The vqGAN though is custom, and currently only trained on a very small dataset of 7K watercolor images so it's probably a limitation of this model, but it still shows great reconstruction capabilities in any type of picture, with some minor tendency to make watercolor textures.
The model is trained with a latent diffusion objective:
The images are encoded into latents using the vqGAN, then gaussian noise is added to it, and the model learns to predict the added noise using a conditioning embedding, in this case a CLIP image embedding.
The diffusion code to add/remove the gausian noise is a custom, extremely simplified, implementation that works on continuous timesteps (so t is a value between 0 and 1 instead of a discrete step number). It reduces a lot of the complexity of many of the current available diffusion implementations to hopefully make it a bit more accessible.
All the code for training the clip2img model is available here
The latest clip2img checkpoint, trained for 500K batches of 128 images with resolution 512x512 (on LAION-A, curated by DeepFloydAI) is available to download here (fp16) or here (fp32)
The vqGAN checkpoint is available here
Other checkpoints:
288K batches of 128 images with resolution 512x512 (on LAION-A, curated by DeepFloydAI) is available to download here
If you want to resume the training, the raw checkpoints (including optimizer, ema/base models, etc) are available here
The model's architecture used here is same as the V5 model, but it doesn't use any attention layer, so it's fully convolutional instead.

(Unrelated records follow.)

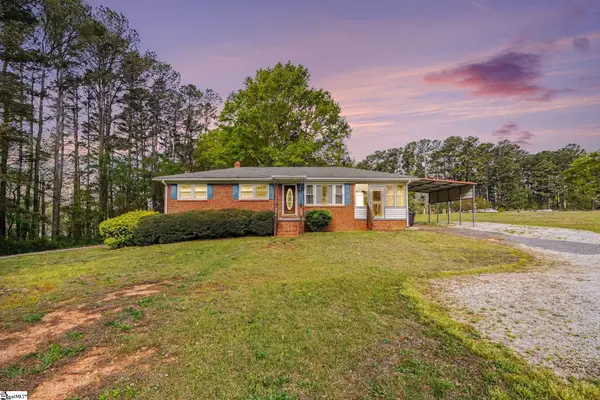 798 Coneross Creek Road, Seneca, SC 29678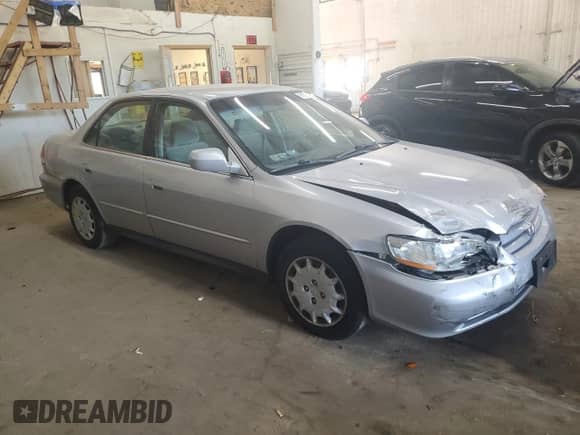 2001 Honda Accord LX with VIN JHMCG56431C002100, listed as a Copart auction lot 81708255 with 138,379 mi miles and Salvage title. Bid and sale history available at DreamBid. Image 4.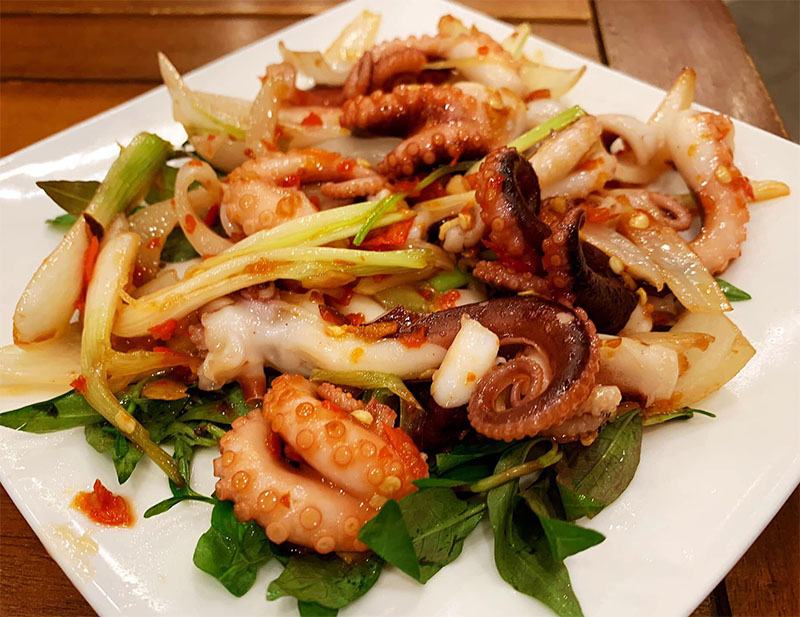 Bạch tuộc khổng lồ xào tỏi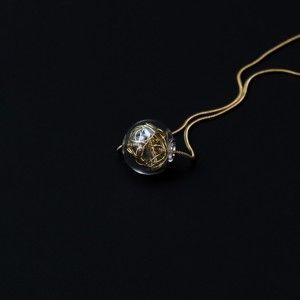 Skleněný náhrdelník s detailem ve zlaté barvě Ko-ra-le Precious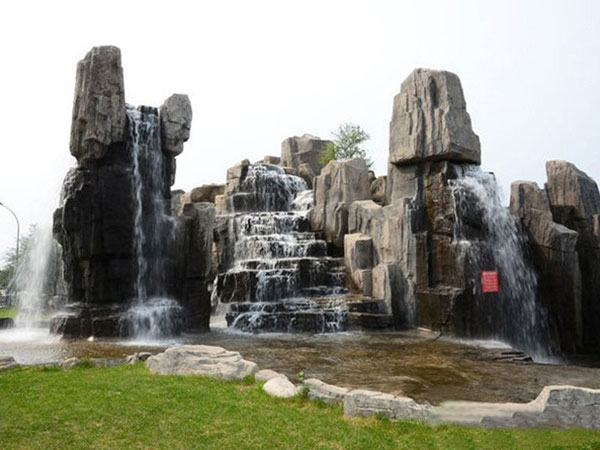 什么是水泥假山？水泥假山有哪些优势？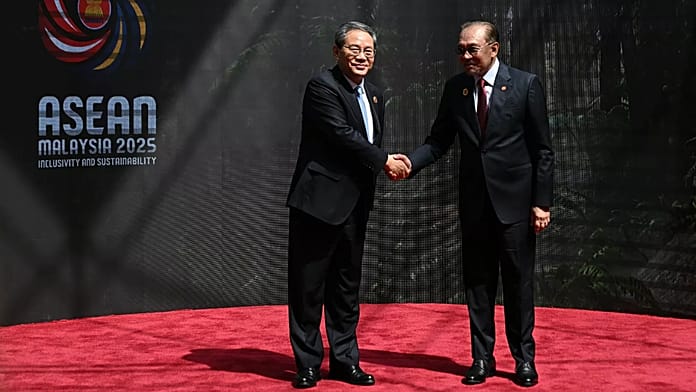 Trump vámoltatná az ASEAN-országokat, Kína inkább szabadkereskdelmi egyezményt kötött velük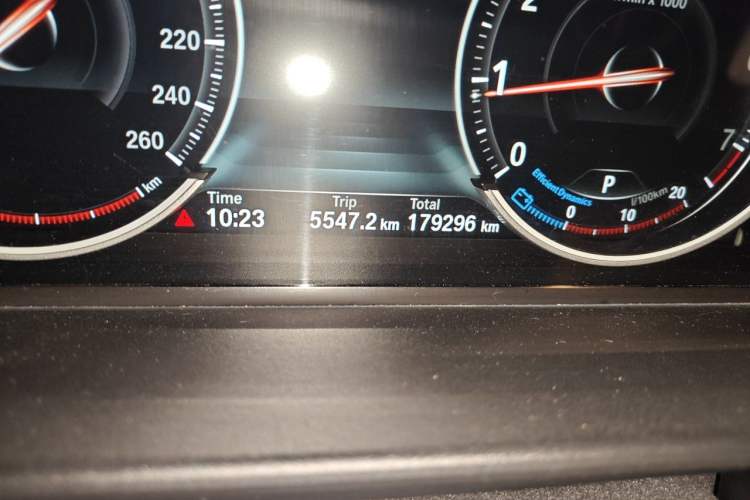 Used BMW 5 Series 2014 525Li Leading Model Odometer Close Up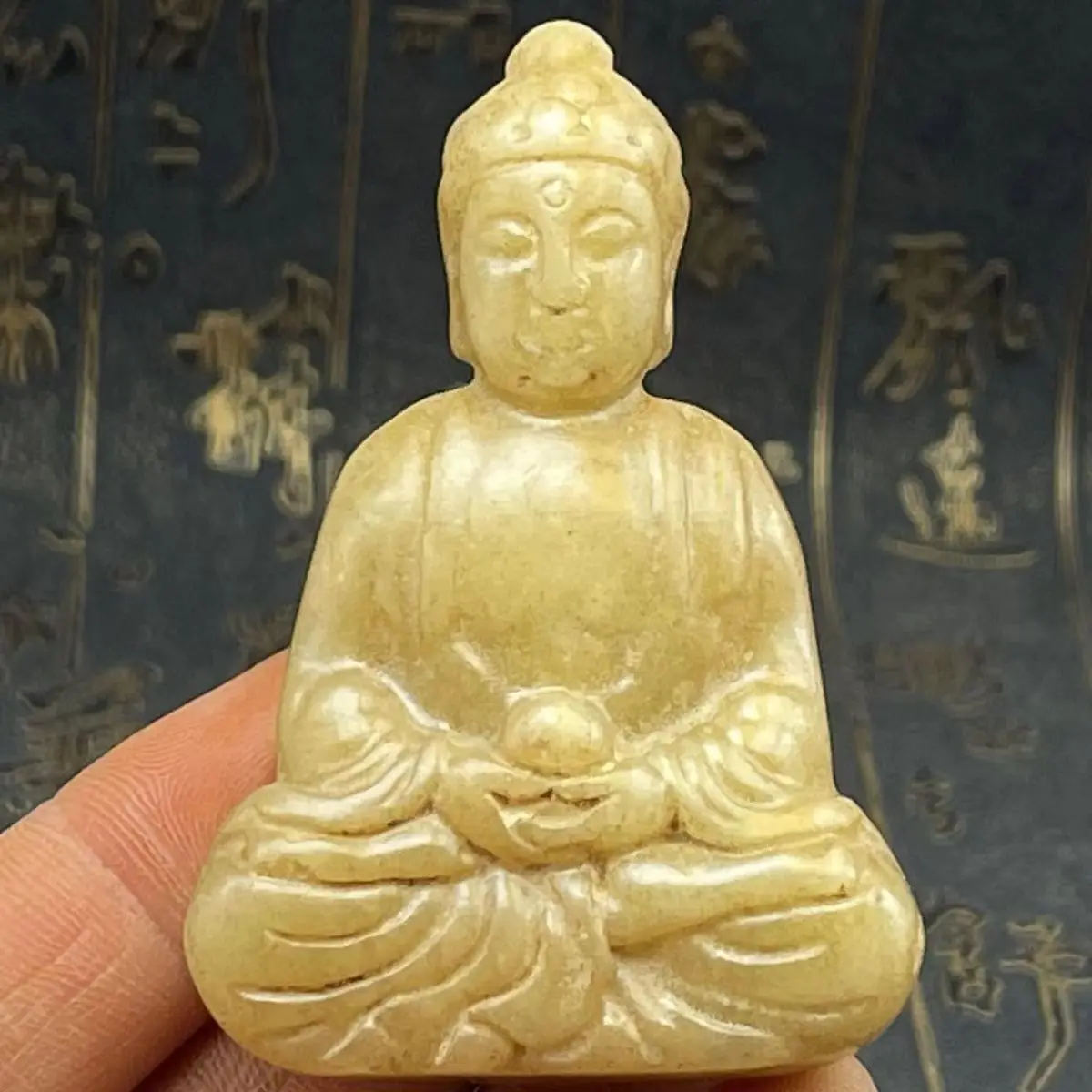 Chinese Antique Xiuyan Jade Carved Bodhisattva Statue Decoration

The latest prior checkpoint, trained for 1500K batches of 512 images with resolution 512x512 (on LAION-A, curated by DeepFloydAI) is available to download here (fp16) or here (fp32)
Other checkpoints:
Trained for 512K batches of 512 images with resolution 512x512 (on LAION-A, curated by DeepFloydAI) is available to download here
Trained for 352K batches of 512 images with resolution 512x512 (on LAION-A, curated by DeepFloydAI is available to download here
If you want to resume the training, the raw checkpoints (including optimizer, ema/base models, etc) are available here
This prior uses a very naive and simple architecture, since it's just a sequence of 48 residual linear blocks.
At the beginning of each block, the CLIP text embedding is concatenated in order to condition the model.
The training of this prior is effectively identical to the training of the clip2img model, meaning that we learn to predict the added gaussian noise, with the difference that instead of using the vqGAN to encode the image, we use OpenCLIP to generate the image embedding, add noise to it and learn to denoise it conditioning on the text embedding.
All the code for training the prior model is available here
We will try to keep adding more references as we improve the models, for example for image variations (which is pretty straightforward with our generator), DDIM inversion for style transfer, and model finetunings like super resolution, or any other thing that we can come up with.
As of today, we provide a simple notebook for tex2img showing how to sample from the prior and the generator.
The model code and weights are released under the MIT license.